> **Your assignment**
Leave the pictures out and repeat the rest of the data below exactly.

> **Data below**
========================================================================
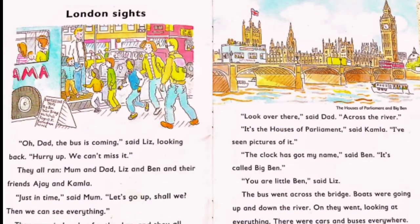Oh Dad, the bus is coming, said Liz, looking back. Hurry up, we can't miss it. They all ran — Mum and Dad, Liz and Ben and their friends from India, Ajay and Kamala. Children, I am going to hold the picture for long so you can read along if you can. This is a level 7 story, so I am sure some of you are able to read if you are 6 years and above. Look at the pictures, look at the sentences carefully and read along. You will have fun too.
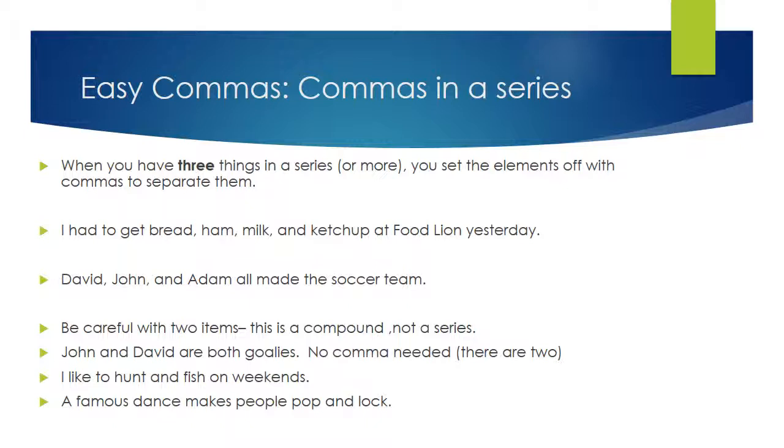Here's another example: David, John, and Adam all made the soccer team. I need a comma after David and a comma after John, before the 'and,' because all three of them made the soccer team. One of the only ways to make an error is if instead of three or more items there are only two. If you have two things, it's a compound, not a series.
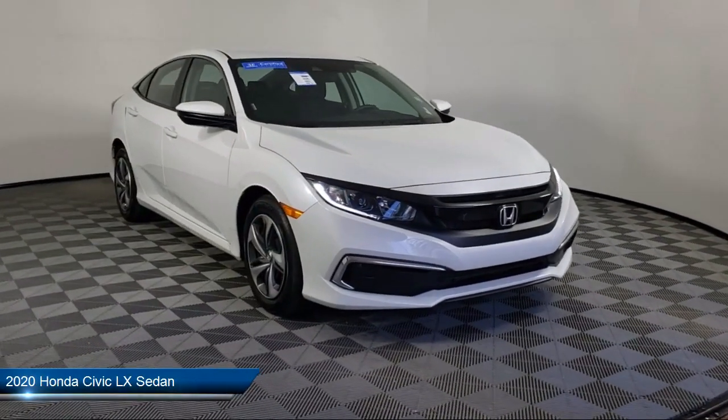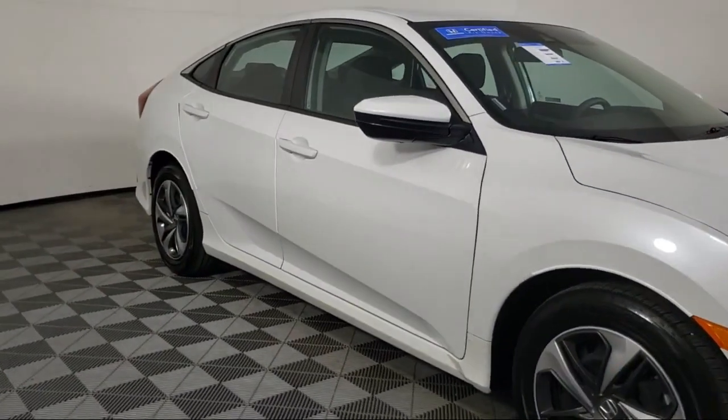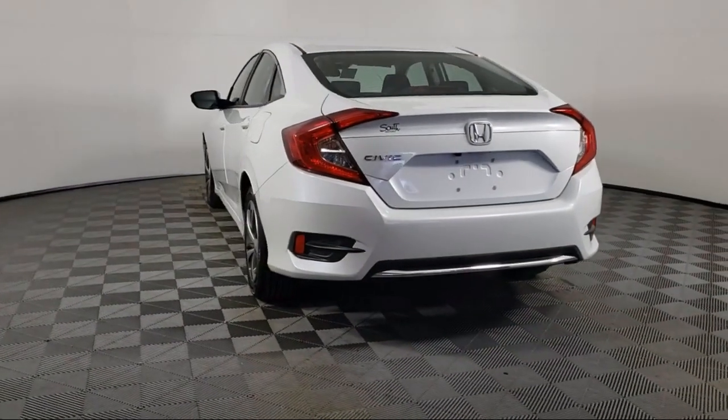It comes equipped with a rear view camera, fully automatic headlights, dual front side impact airbags, auto high beam headlamp control, and keyless entry.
========================================================================
> **Task result**
Oh Dad, the bus is coming, said Liz, looking back. Hurry up, we can't miss it. They all ran — Mum and Dad, Liz and Ben and their friends from India, Ajay and Kamala. Children, I am going to hold the picture for long so you can read along if you can. This is a level 7 story, so I am sure some of you are able to read if you are 6 years and above. Look at the pictures, look at the sentences carefully and read along. You will have fun too.
Here's another example: David, John, and Adam all made the soccer team. I need a comma after David and a comma after John, before the 'and,' because all three of them made the soccer team. One of the only ways to make an error is if instead of three or more items there are only two. If you have two things, it's a compound, not a series.
It comes equipped with a rear view camera, fully automatic headlights, dual front side impact airbags, auto high beam headlamp control, and keyless entry.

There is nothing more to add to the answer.